Custom Flows: Parsing XML (part I)

In previous posts we have shown how to build basic Sinks and Sources, and how to integrate with existing APIs and handle backpressure in various ways. In this post we move on to the more advanced territory of custom Flows.

If you recall, every processing entity in Akka Streams has a number of input and output ports which it can consume elements from and push elements to (if you need a refresher, look at this documentation section). This means that your knowledge from Sinks and Sources is applicable to Flows, too. We will build on this knowledge to build a streaming XML parser. When we talk about streaming XML here we don’t mean XML documents concatenated with some separator, but a large, valid XML file which contains many XML elements. We will show you how to approach this problem with Akka Streams. For this, we will use the awesome Aalto XML parser which will do the heavy lifting for us.

(The full source of the stage that we build in this post is available here. It is also part of the akka-stream-contrib project if you just want to use it immediately.)

Unlike in our previous posts which used Java to build custom stages, here we will use Scala. The APIs are quite similar though so it is not hard to port the samples to Java, especially since the underlying Aalto XML parser has a Java API.

As always, when it comes to building custom stages, we need to start with some boilerplate. First, we need to subclass GraphStage, then define a Shape, and finally a factory method for our actual logic, which is a subclass of GraphStageLogic:

// A stage is always an instance of a GraphStage with a certain Shape.
class StreamingXmlParser extends GraphStage[FlowShape[ByteString, ParseEvent]] {
 // The input port to consume ByteStrings from
 val in: Inlet[ByteString] = Inlet("XMLParser.in")
 // The output port to emit parse events to 
 val out: Outlet[ParseEvent] = Outlet("XMLParser.out")
 // Since we have only one input and output, we have a FlowShape
 override val shape: FlowShape[ByteString, ParseEvent] = FlowShape(in, out)

 // Never put mutable state here, 
 // all such state must go into the GraphStageLogic!
     
 override def createLogic(inheritedAttributes: Attributes): GraphStageLogic =
   new GraphStageLogic(shape) with InHandler with OutHandler {
     //Add stateful XML parser here

     override def onPush(): Unit = ???
     override def onPull(): Unit = ???

     setHandlers(in, out, this)
   }
}

As we see from the Shape definition, our custom stage will have exactly one input and output (i.e. it has a FlowShape), one from which we will consume raw bytes in chunks, and one for emitting ParseEvents (we look at this soon). We also need to implement the factory method, createLogic, which will create a GraphStageLogic for our stage and which will encapsulate all of our state - in this case the XML parser itself.

In Java you will need to use the AbstractInHandler and AbstractOutHandler types to create your handlers for downstream and upstream handlers like push() and pull(). Since these are abstract types and not interfaces, you have to create these as anonymous inner classes in your GraphStageLogic. See our earlier introductions for examples.
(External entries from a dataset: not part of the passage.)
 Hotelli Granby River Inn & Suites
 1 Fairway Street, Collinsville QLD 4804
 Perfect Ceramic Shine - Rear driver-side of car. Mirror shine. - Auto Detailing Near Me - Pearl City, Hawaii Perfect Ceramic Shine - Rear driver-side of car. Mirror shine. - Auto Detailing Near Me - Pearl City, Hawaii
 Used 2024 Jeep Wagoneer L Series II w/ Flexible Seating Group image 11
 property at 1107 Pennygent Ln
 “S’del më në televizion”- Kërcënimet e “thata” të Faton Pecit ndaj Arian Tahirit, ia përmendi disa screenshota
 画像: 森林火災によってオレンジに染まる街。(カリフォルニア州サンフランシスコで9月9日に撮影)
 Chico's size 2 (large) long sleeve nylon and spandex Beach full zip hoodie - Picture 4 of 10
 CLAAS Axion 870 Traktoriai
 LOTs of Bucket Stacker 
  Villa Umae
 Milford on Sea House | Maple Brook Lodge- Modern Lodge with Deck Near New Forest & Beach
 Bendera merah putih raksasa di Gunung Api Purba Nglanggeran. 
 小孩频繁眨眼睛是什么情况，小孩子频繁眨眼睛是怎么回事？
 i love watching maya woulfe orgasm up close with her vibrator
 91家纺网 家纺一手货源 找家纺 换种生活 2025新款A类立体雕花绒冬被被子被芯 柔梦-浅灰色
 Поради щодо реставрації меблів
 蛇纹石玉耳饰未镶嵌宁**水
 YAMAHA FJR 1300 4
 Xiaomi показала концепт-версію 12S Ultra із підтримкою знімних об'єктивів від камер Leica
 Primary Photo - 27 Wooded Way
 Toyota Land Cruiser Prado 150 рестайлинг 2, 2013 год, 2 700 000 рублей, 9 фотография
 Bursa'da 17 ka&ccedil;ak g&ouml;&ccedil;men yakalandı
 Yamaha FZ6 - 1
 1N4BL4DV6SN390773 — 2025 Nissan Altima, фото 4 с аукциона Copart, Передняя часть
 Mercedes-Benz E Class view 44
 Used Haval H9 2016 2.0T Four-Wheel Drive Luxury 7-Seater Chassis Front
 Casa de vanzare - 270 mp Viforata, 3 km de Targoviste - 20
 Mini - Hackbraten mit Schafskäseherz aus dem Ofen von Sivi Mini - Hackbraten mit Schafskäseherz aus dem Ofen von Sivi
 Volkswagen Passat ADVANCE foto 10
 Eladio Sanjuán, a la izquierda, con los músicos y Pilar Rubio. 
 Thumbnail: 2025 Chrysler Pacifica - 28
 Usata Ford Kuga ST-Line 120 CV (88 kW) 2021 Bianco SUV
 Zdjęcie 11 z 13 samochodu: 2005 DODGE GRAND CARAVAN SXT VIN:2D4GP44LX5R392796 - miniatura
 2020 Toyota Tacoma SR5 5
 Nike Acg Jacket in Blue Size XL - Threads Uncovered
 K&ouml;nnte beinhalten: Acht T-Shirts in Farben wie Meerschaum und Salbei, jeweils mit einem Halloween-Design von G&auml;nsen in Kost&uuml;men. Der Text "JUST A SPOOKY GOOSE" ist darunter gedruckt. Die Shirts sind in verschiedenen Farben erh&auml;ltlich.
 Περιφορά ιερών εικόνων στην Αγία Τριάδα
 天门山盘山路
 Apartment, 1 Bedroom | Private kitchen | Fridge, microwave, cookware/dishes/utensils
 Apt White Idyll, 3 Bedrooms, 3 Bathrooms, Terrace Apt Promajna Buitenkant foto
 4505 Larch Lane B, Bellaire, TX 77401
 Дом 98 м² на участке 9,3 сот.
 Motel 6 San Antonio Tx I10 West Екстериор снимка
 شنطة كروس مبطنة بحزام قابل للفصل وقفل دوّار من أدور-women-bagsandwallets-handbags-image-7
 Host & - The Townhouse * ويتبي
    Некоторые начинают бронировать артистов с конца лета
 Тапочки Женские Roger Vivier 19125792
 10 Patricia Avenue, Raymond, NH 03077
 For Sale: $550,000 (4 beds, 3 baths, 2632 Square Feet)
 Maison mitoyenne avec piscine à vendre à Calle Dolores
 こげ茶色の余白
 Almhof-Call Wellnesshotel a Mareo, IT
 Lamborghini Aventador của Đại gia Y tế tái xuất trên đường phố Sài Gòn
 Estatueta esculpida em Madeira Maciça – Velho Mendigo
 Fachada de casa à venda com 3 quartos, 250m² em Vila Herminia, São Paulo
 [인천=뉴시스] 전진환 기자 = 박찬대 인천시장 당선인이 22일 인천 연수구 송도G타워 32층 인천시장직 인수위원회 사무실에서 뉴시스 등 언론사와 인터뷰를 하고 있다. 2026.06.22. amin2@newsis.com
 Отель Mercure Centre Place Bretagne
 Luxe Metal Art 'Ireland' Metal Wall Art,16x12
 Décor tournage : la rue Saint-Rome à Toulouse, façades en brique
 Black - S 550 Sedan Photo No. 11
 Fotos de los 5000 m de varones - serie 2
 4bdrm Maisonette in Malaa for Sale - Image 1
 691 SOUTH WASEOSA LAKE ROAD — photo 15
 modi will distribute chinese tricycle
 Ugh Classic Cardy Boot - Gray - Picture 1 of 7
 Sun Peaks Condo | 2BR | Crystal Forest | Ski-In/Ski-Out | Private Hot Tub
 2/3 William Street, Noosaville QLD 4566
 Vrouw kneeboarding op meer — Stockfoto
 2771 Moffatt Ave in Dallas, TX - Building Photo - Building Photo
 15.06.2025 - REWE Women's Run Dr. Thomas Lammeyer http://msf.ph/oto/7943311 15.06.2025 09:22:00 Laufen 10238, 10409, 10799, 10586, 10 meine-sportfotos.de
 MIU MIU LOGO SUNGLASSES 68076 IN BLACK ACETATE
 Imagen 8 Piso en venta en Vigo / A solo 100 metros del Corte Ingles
Now, we design the events that will be emitted by our stage. We chose here a simplified subset of the XML events the Aalto XML parser can give us and encode them as case classes:

sealed trait ParseEvent
sealed trait TextEvent extends ParseEvent {
 def text: String
}

case object StartDocument extends ParseEvent
case object EndDocument extends ParseEvent
final case class StartElement(localName: String, attributes: Map[String, String])
  extends ParseEvent
final case class EndElement(localName: String) extends ParseEvent
final case class Characters(text: String) extends TextEvent
final case class ProcessingInstruction(target: Option[String], data: Option[String]) 
  extends ParseEvent
final case class Comment(text: String) extends ParseEvent
final case class CData(text: String) extends TextEvent

These roughly correspond to the standard Java XmlEvent types. At this point we have almost set up the ground for implementing our Flow, the only piece missing is figuring out what the Aalto XML parse expects us to do to drive it. This parser is a so-called push-pull parser, which basically means that it has two sides, one from where we can feed it new data, and another where we can pull parsed events out, or get a signal that there isn’t any new event at this point. This is different from traditional XML pull parsers where consumption of data is hidden from us (i.e. there is no API where we can explicitly feed the parser chunk by chunk) and where the thread is blocked when we ask for a new event but there is none available yet. To see this in action, first, let’s set up our parser inside the GraphStageLogic:

// inside GraphStageLogic
private val feeder: AsyncXMLInputFactory = 
  new InputFactoryImpl()
private val parser: AsyncXMLStreamReader[AsyncByteArrayFeeder] = 
  feeder.createAsyncFor(Array.empty)   

Now we have a parser, all we need to figure out is how to feed it and read from it. This is very simple actually:

  • To check if there are available events to read, we can call parser.hasNext.
  • To read the actual event, we can call parser.next() which will return us an event code (one of javax.xml.stream.XMLStreamConstants). If this is an actual event, we can get the details of the event using the various getter methods on the parser. There is an extra event in addition to the ordinary Java XML pull parser world: AsyncXMLStreamReader.EVENT_INCOMPLETE which signals us that there are no events available and we need to feed the parser with more bytes.
  • To feed the parser with new data, we need to call parser.getInputFeeder.feedInput() with an array of bytes

With this knowledge we are ready to sketch out a duty-cycle of our stage, i.e. a sequence of events which can return to the initial state and can touch all or most of the intermediate states:

  1. Wait for onPull
  2. Check if the parser has an available event
  3. If yes, decode the event into our event classes and emit it, go to 1 (unless it is END_DOCUMENT in which case we complete the stage)
  4. If no, pull our upstream for new data
  5. Wait for onPush
  6. Feed the parser with new data and go to 2

When designing custom stages it is usually good practice to map out the so-called duty-cycle of the stage we design. This usually means recognizing the various states our stage can be in and sketching out a full cycle that drives it through every state returning to some initial position. In our XML example we have two states, Emitting (when the parser has elements to emit) and Feeding (when the parser needs more data) which we cycle through: EmittingFeedingEmitting→… .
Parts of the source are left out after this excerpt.